----- COLLECTED MATERIAL -----

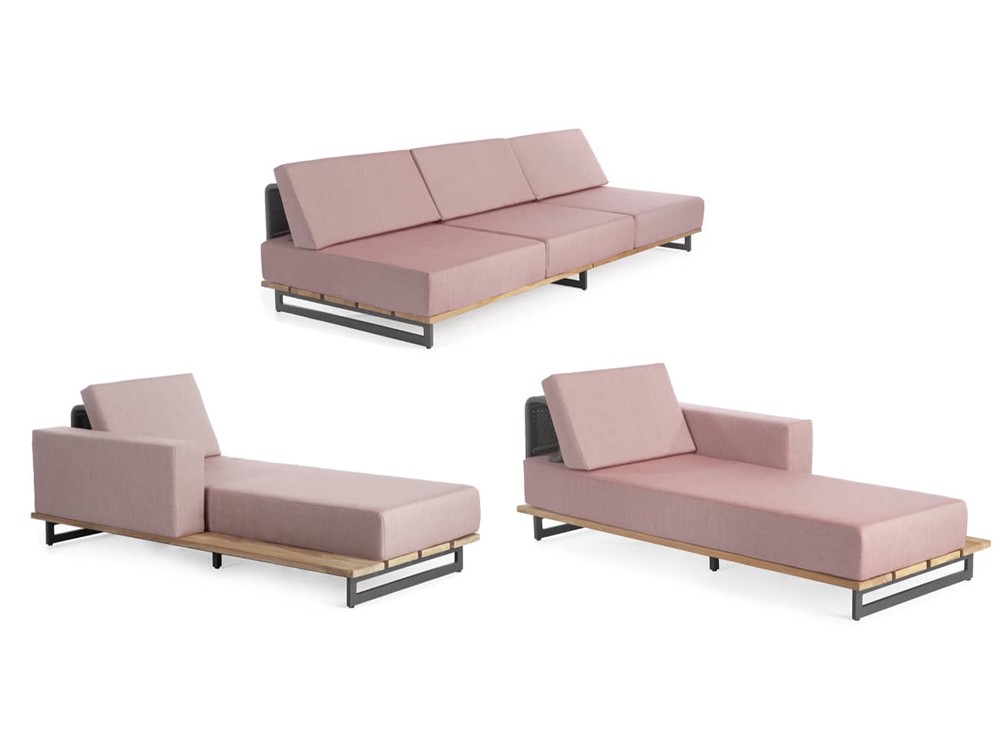 Sofá chaiselongue exterior de aluminio y cuerda trenzada Ona de Skyline - 4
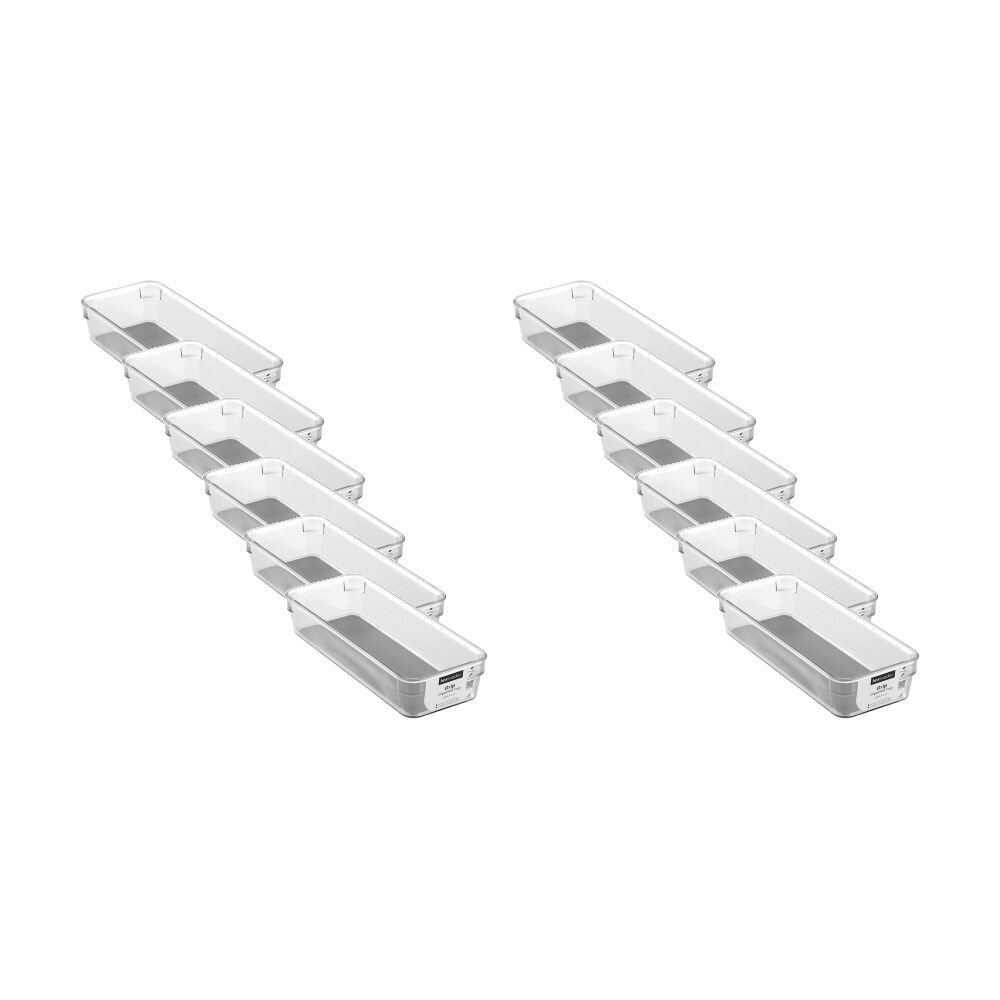 12x Boxsweden Crystal Grip Organiser Tray Modular Stackable Storage 23x9x4.5cm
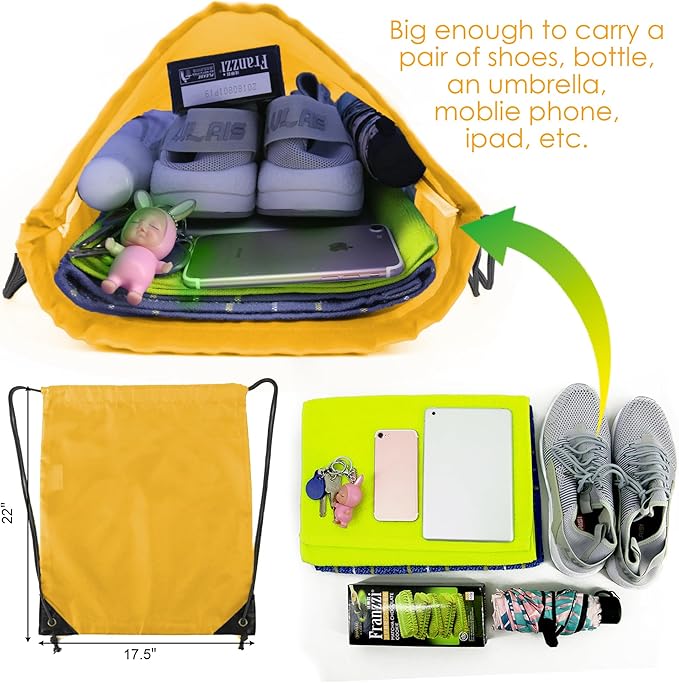 BeeGreen Yellow Drawstring Backpack Bags Bulk 2 Pack X-Large 22.4" L x 17.5" W Sports Cinch Sackpack Gym String Bags Machine Washable Heavy Duty for Men Women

-----

[EXERCISE AIM] Pictures are not part of the copy. Reproduce the lines from the one with "12x Boxsweden Crystal" through the end of the listing above.

[EXERCISE OUTPUT]
 12x Boxsweden Crystal Grip Organiser Tray Modular Stackable Storage 23x9x4.5cm
 BeeGreen Yellow Drawstring Backpack Bags Bulk 2 Pack X-Large 22.4" L x 17.5" W Sports Cinch Sackpack Gym String Bags Machine Washable Heavy Duty for Men Women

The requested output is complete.